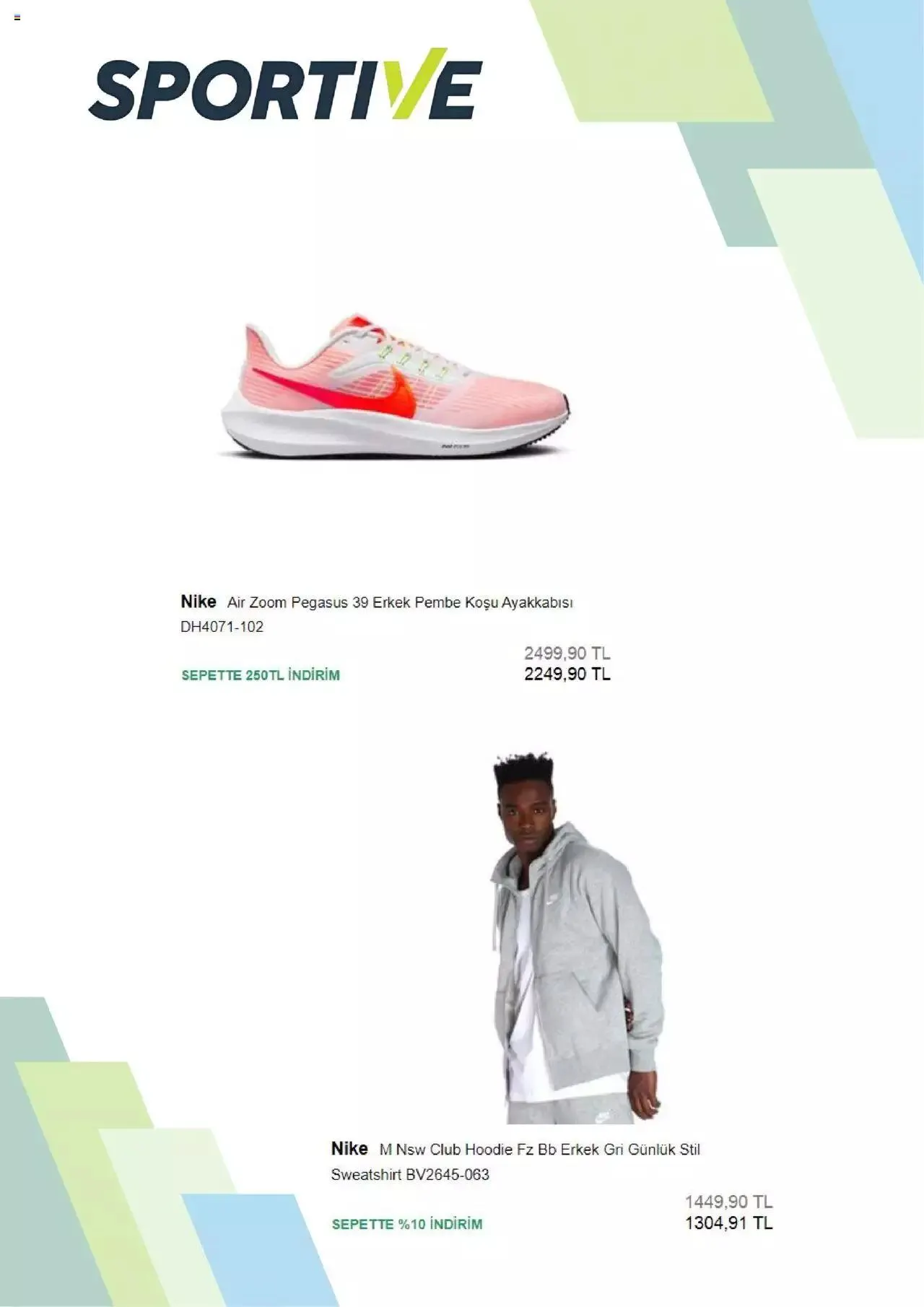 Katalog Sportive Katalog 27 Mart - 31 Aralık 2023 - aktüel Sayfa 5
--
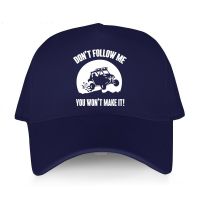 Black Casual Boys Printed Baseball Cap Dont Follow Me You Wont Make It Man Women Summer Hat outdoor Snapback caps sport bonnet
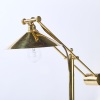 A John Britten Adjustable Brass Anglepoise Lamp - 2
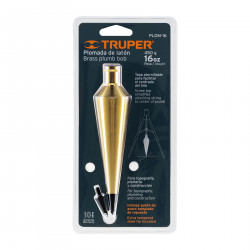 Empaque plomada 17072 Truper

= REQUIRED WORK =
The material above holds pictures; leave them out and set down exactly the lines from the line with "A John Britten" to the line with "Empaque plomada 17072 Truper", both included.

= WORKED SOLUTION =
 A John Britten Adjustable Brass Anglepoise Lamp - 2
 Empaque plomada 17072 Truper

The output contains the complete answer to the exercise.